In the US, the main thrust of reform has been to remove smaller banks from some parts of the Dodd-Frank Act and make compliance easier. While this has attracted criticism on both sides of the Atlantic – US senator Elizabeth Warren said it risked unleashing another crash – the same sort of thinking is going on in Europe. 

The European Commission has asked the European Banking Authority to build a special tool to help smaller banks, which use the standardised model under Basel, with their reporting requirements. Gonzalo Gasos, head of banking supervision at the European Banking Federation, was quoted in The Banker’s sister publication Global Risk Regulator as saying: “Proportionality is up for discussion in [the European] Parliament; there are proposals to reduce the burden of reporting requirements which are broadly agreed, and others to exempt smaller banks with smaller, less complex trading books.”

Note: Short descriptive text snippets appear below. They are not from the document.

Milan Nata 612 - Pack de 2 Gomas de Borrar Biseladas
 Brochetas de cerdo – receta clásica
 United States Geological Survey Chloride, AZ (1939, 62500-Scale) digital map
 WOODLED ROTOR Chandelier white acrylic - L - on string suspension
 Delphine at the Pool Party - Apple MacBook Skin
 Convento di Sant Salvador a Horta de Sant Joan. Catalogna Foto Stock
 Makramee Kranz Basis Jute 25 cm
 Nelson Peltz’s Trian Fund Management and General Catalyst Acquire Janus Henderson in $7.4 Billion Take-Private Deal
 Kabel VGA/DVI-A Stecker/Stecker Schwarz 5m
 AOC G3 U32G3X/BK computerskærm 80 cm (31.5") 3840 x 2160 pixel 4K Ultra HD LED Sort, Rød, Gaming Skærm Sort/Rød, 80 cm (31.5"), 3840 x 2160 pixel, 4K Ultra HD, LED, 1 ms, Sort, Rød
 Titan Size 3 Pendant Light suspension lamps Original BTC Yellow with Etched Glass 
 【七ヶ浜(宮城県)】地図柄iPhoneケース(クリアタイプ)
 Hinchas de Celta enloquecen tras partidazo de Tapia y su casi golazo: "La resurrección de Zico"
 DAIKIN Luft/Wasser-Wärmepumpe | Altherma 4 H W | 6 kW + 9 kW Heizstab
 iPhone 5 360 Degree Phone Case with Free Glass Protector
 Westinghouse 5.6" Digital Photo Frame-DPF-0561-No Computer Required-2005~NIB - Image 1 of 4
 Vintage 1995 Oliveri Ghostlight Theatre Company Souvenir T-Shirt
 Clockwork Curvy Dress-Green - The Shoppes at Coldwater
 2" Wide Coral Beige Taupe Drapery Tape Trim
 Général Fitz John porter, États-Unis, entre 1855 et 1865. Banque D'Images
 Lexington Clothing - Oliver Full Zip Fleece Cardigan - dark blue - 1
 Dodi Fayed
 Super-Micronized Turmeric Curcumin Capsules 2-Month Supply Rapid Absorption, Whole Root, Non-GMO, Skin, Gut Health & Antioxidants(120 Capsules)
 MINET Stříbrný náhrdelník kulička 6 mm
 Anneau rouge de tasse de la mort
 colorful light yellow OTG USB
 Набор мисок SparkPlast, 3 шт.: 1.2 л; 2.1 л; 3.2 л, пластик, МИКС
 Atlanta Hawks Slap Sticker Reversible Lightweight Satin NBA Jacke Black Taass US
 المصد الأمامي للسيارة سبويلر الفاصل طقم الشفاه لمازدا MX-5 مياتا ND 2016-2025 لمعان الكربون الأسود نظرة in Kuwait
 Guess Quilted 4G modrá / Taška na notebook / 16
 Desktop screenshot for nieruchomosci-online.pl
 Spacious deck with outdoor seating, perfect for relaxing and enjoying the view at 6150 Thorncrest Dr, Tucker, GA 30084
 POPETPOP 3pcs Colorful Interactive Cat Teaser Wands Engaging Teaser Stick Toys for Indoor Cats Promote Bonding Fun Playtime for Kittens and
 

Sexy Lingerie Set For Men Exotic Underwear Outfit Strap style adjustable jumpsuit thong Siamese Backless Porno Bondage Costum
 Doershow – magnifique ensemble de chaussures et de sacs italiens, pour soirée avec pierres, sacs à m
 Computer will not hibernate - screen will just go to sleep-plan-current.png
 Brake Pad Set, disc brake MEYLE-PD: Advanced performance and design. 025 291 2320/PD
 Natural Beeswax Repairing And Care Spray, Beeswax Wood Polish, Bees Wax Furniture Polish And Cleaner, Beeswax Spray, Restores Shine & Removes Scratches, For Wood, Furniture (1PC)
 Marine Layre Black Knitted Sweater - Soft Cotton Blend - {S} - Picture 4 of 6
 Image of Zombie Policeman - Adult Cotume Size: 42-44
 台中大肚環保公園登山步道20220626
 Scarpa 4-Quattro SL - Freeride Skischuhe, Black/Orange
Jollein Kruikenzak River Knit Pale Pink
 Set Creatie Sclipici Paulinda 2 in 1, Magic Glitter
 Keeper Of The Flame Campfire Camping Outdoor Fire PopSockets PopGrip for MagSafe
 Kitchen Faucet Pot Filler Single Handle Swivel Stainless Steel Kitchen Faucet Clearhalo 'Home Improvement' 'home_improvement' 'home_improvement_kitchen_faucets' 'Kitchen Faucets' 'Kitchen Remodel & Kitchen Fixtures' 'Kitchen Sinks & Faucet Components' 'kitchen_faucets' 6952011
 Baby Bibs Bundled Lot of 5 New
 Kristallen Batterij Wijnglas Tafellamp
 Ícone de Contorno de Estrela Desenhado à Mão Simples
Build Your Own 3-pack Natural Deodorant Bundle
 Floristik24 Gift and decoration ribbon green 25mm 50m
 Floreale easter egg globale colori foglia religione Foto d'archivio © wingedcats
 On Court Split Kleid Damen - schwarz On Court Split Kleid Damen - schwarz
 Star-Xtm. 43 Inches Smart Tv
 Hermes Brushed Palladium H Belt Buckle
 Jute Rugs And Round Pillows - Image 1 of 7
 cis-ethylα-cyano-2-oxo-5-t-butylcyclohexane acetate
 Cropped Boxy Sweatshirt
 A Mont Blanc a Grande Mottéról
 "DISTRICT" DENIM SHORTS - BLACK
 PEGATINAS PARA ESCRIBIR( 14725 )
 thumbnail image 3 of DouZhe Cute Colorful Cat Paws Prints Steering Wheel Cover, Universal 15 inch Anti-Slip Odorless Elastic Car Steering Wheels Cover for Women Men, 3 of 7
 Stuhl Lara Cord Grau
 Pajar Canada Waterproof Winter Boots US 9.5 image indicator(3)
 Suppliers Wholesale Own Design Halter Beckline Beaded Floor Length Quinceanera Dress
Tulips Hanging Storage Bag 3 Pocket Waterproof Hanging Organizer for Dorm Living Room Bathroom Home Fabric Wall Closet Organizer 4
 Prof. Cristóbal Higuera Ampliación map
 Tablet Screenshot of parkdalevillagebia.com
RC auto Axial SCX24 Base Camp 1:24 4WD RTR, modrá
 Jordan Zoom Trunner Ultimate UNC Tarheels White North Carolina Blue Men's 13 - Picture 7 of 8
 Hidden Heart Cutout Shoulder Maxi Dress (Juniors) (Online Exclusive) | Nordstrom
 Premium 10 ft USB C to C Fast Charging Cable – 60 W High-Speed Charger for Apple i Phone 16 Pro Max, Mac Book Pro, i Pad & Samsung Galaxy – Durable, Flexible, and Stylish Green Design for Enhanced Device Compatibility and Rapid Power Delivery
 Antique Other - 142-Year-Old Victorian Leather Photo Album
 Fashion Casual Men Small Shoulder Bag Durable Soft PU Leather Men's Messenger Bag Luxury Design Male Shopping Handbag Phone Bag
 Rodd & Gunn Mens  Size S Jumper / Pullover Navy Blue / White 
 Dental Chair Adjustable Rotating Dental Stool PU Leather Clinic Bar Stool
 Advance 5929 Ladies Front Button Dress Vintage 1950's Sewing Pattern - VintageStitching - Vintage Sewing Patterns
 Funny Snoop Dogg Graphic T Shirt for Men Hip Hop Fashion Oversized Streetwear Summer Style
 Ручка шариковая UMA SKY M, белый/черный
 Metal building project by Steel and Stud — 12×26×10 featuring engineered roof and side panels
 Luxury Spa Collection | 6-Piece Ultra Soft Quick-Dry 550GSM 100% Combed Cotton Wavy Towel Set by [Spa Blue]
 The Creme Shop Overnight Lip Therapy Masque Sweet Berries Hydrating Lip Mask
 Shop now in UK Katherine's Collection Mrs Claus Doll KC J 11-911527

But there is still work to be done and some regulations are working in opposing directions. While one of the aims of the EU's Capital Markets Union is to make it easier for SMEs to access capital markets through less onerous disclosure, through MiFID II research on SMEs is under threat because the new charging structure focuses brokers and investors attention on big cap stocks. 

We have seen a decade of bank regulation since the financial crisis and banks are definitely safer and better run as a result. Hopefully the fine-tuning that is now needed can be done somewhat quicker.